The training/development data for both subtasks will be made available on September 22.
A sample of the training data will be made available on an earlier date. Please, check back on this page in the next few days.
The dataset for both task was collected using a Sparse Autoencoder (SAE) trained on Minerva-1B-base-v1.0.
Below we detail the main steps included in the data collection and annotation process.
The SAE model was trained on the residual stream of Minerva-1B, using the Sparsify libary. It is a k-Sparse Autoencoder with a top-k activation function and an expansion factor of 32.
To train the model, the "tiny" porton of Clean Italian MC4 was used, amounting to roughly 6B tokens.
Please check our paper for more details on the training of the SAE. The paper will be presented at CLiC-it 2025.
The SAE model is available on HuggingFace.
We collect latent (features) activations from Minerva-1B using the SAE considering only Layer 14 of the model. We chose a layer near the end of the model stack because initial evaluations shown more "semantic" features in later layers.

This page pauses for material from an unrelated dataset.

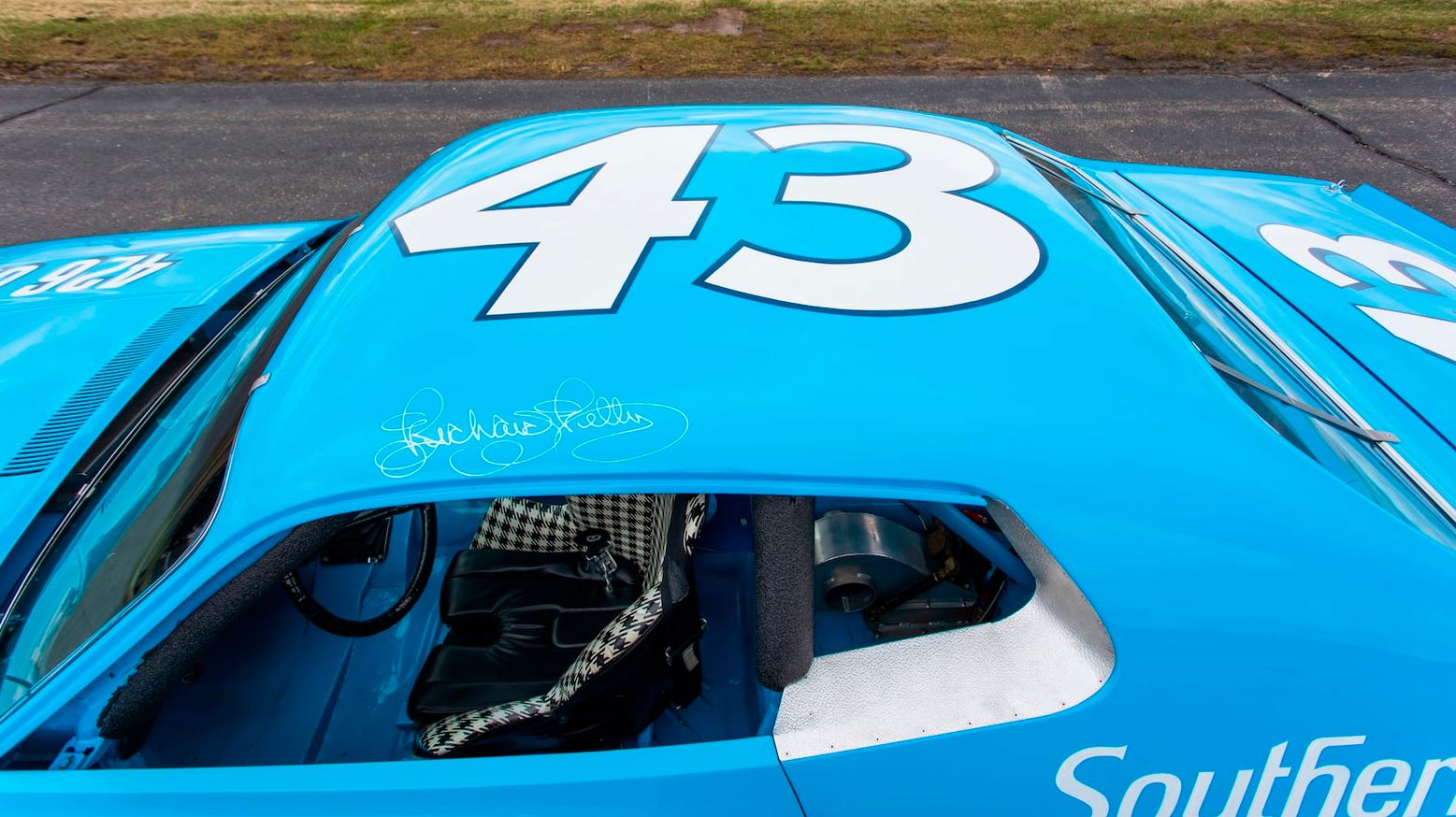 Title-Winning 1971 Plymouth Road Runner NASCAR Racer Could Fetch $750,000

We collect activations by passing data from the Italian split of Wikipedia through the model, using the Delphi library. For each latent, we collected all tokens that activate it, their surrounding contexts, and the strength of the activation.
Explanations for latents were obtained semi-automatically. This is also reflected in the setup of the training set for both subtasks.

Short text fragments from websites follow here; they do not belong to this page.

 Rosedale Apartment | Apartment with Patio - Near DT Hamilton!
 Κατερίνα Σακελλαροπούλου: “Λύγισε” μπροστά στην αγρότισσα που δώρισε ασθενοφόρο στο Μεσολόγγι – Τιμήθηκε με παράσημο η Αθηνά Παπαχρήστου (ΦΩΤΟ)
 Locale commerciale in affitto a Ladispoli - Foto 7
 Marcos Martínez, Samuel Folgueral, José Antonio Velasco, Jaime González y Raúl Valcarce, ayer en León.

The core of the explanations were obtained using GPT-5.
Specifically, we provided GPT-5 with examples of activations in context, where activating words where highlighted between "<<" and ">>" ; in addition, a list of (word, activation strength) was also provided to the model. We prompted GPT-5 to "analyze text and provide an explanation that thoroughly encapsulates possible patterns found in it", by looking at activating words; the model was also provided with some examples in the prompt.

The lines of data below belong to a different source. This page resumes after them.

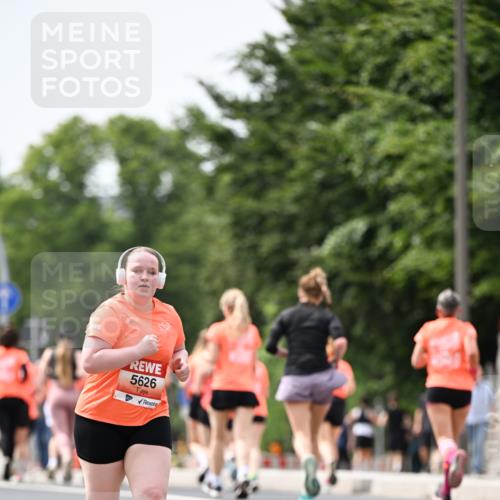 15.06.2025 - REWE Women's Run Dr. Thomas Lammeyer http://msf.ph/oto/7991497 15.06.2025 10:50:36 Laufen 5626 meine-sportfotos.de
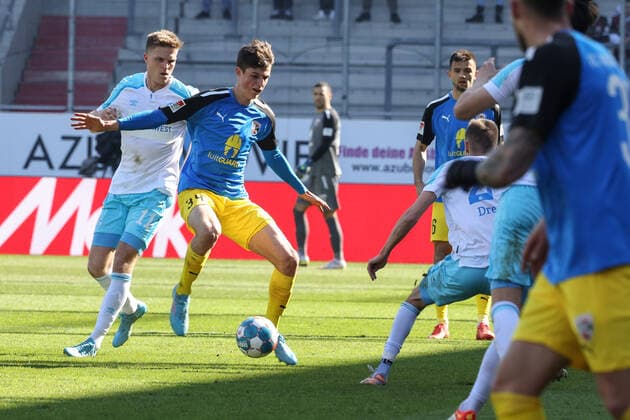 2.BL; FC Ingolstadt 04 - FC Schalke 04; Merlin Röhl (34, FCI) Bülter Marius (11 S04) 2. Bundesliga - FC Ingolstadt 04 Saison 2021 2022 FC Schalke 04
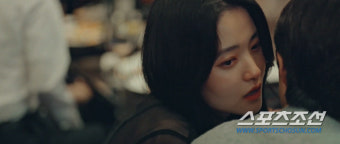 김태리-홍경, 넷플릭스 애니메이션 이 별에 필요한 속 커플 연기 화제!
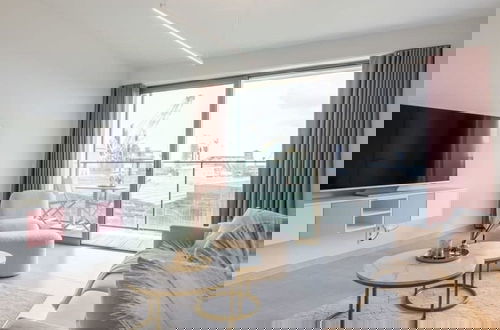 Foto 4 - Apartment With Lateral sea View and Harbor View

Then, part of the explanations provided by GPT-5 were manually revised and corrected by us.
For both subtasks, we provide three different splits:
📚🥇TRAIN-GOLD: Smaller set of training examples, with explanations manually annotated by organisers. It will include a few hundred training examples - Release: September 22.
📚🥈TRAIN-SILVER: Larger set of training examples, with explanations provided by GPT-5. It will include a few thousand training examples - Release: September 22.
📝 TEST: Set of test examples with explanations manually annotated by organisers. It will include a few hundred test examples - Release: Evaluation window (see Important Dates).
The data for Subtask 1 will be provided as a single Json file for each split (TRAIN-GOLD, TRAIN-SILVER, and TEST). Each item in the split has the following fields:
Latent ID [str]: the ID of the latent. For example, "layers.14_latent8" for the eight latent of layer 14.
examples [list]: a list of examples of activations for the latent. The number of examples per latent varies, but on average each latent will have around 40 examples. Each example is a dictionary with the following fields:
text [str]: the text of the example, with activating tokens highlighted between "<<" and ">>" . Note that if two or more contiguous tokens activated the latent, they are kept together, e.g., << like this>>.
tokens [list]: list of tokens (strings) in the example, as tokenized by the original Minerva-1B-base-v1.0 model
activations [list]: list of activating tokens found in the example. Each is a dictionary with the following keys:
token [str]: the activating token
strength [int]: strength of activation for the token, normalized in a range [0, 10]
explanation [str]: the plain text explanation for the latent. For TRAIN-GOLD, the explanation is manually annotated; for TRAIN-SILVER, the explanation is generated by GPT-5; for TEST, explanation is left blank.
Here is an example:
For Subtask 1, participants must provide a single explanation for each latent.
The data for Subtask 2 will be provided as a single Json file for each split (TRAIN-GOLD, TRAIN-SILVER, and TEST). Each item in the split has the following fields:
Latent ID [str]: the ID of the latent. For example, "layers.14_latent8" for the eight latent of layer 14.
explanation [str]: the plain text explanation for the latent. For TRAIN-GOLD, the explanation is manually annotated; for TRAIN-SILVER, the explanation is generated by GPT-5; for TEST, explanation is left blank.
examples [list]: a list of examples, both positive and negative, of sentences (and tokens) that activate/not activate the latent. The number of examples per latent is around 100, equally divided between activating and non-activating. Each example is a dictionary with the following fields:
text [str]: the text of the example.
tokens [list]: list of tokens (strings) in the example, as tokenized by Minerva-1B-base-v1.0.
activations [list]: list of activations, with one value for each token. Zero correspond to no activation. A value higher than zero correspond to an activation. For the test set, activations will be an empty list.
activating [bool]: True if the exampe contains tokens that activate the latent, False otherwise. For the test set, the label will remain hidden.
Here is an example:
For Subtask 2, participants must provide a prediction for each of the examples, for each latent.
Note that the test set for Subtask 2 will be formatted slightly differently. Specifically, we will provide participants with pairs of < explanation, example >; the system will have to classify whether the latent is activating or non-activating for the example. This means that the test set will include multiple data points for each explanation/latent.
More information on the test set will be available upon release of the data.